In dit nieuwsbericht lichten we de eisen uit de richtsnoeren nader toe.

Voor wie gelden de richtsnoeren?

De richtsnoeren gelden voor alle publicitaire mededelingen die zijn gericht op beleggers of potentiële beleggers in beleggingsinstellingen. Dit betreft zowel icbe’s als beleggingsinstellingen onder de AIFMD waaronder speciale soorten als EuVECA’s, EuSEF’s, ELTIF’s en geldmarktfondsen (MMF’s). Daarnaast is het goed om te vermelden dat de richtsnoeren ook gelden voor de beleggingsinstellingen die (uitsluitend) aan professionele beleggers worden aangeboden.

De eisen uit de verordening en de richtsnoeren zijn niet van toepassing op beheerders van beleggingsinstellingen onder het AIFMD-light regime.

Doel van de nieuwe regels

Dit nieuwe regelgevingskader beoogt de beleggersbescherming te verbeteren, onder andere door vereisten te stellen aan publicitaire mededelingen (ook wel ‘marketinguitingen’ of ‘reclame-uitingen’). Zo moeten marketing uitingen als zodanig herkenbaar zijn en moeten de risico’s en de voordelen van het aankopen van deelnemingsrechten in een beleggingsinstelling op even opvallende wijze worden beschreven.
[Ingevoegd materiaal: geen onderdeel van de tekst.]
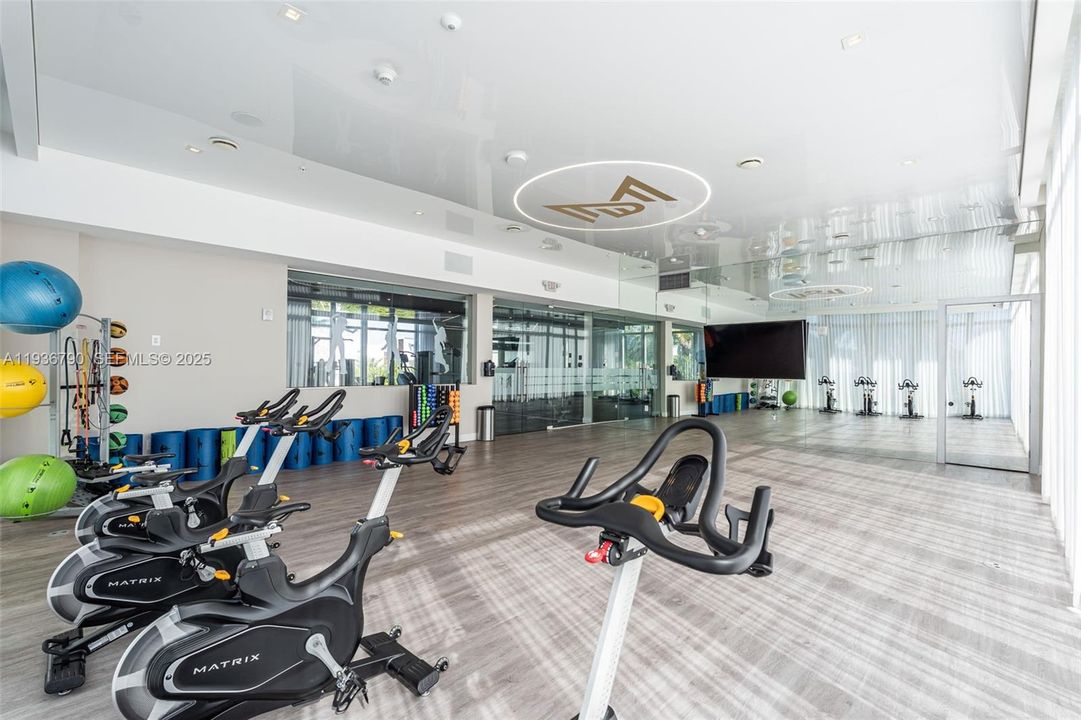 For Sale: $4,275,000 (5 beds, 5 baths, 4067 Square Feet)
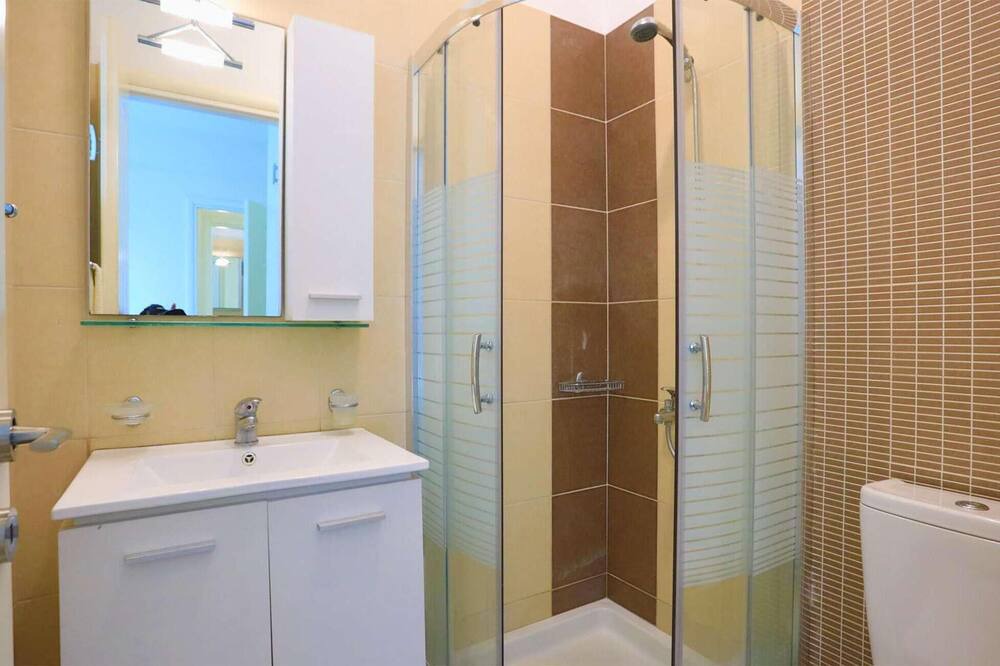 Photo of Bathroom in Astrakeri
Ook moet al deze aan beleggers gerichte informatie op een correcte, duidelijke en niet-misleidende wijze worden gepresenteerd.

Wat wordt bedoeld met publicitaire mededelingen?

De richtsnoeren gelden voor alle publicitaire mededelingen die zijn gericht aan beleggers of potentiële beleggers in beleggingsinstellingen.

Voorbeelden hiervan zijn:

  • Alle berichten die reclame bevatten voor een beleggingsinstelling, hierbij maakt het medium niet uit (digitaal, gedrukt, live presentaties etc.);
  • Op sociale media (zoals blogs en sociale netwerken) geplaatste berichten die verwijzen naar de kenmerken van een beleggingsinstelling (waaronder de naam van de beleggingsinstelling);
  • Marketingmateriaal dat is gericht aan individuele beleggers of potentiële beleggers, alsook documenten of presentaties die beschikbaar worden gesteld door de beheerder op zijn website of op andere plaatsen;
  • Van derden afkomstige mededelingen die door de beheerder voor marketingdoeleinden worden gebruikt.

 

Voorbeelden van mededelingen die niet als publicitaire mededelingen worden beschouwd, zijn onder meer:

  • Het prospectus, de essentiële beleggersinformatie (EBI) en/of het essentiële informatiedocument (EID), de jaar- en halfjaarverslagen van beleggingsinstellingen, de fondsvoorwaarden etc.;
  • Bedrijfscommunicatie van de beheerder waarin diens activiteiten of een aantal recente marktontwikkelingen (bijv. resultaten, dividenden, organisatorische aankondigingen) worden beschreven, mits hierin niet wordt verwezen naar specifieke beleggingsinstellingen;
  • Korte online berichten die slechts een link bevatten naar de publicitaire mededeling; en
  • Pre-marketing informatie of mededelingen.

Waaraan moeten publicitaire mededelingen voldoen?

In de richtsnoeren worden gedetailleerde eisen gesteld aan publicitaire mededelingen. Belangrijke elementen hiervan zijn dat publicitaire mededelingen:

  • Herkenbaar zijn;
  • Opvallend de risico’s en voordelen beschrijven; en
  • Een correct, duidelijk en niet-misleidend karakter hebben.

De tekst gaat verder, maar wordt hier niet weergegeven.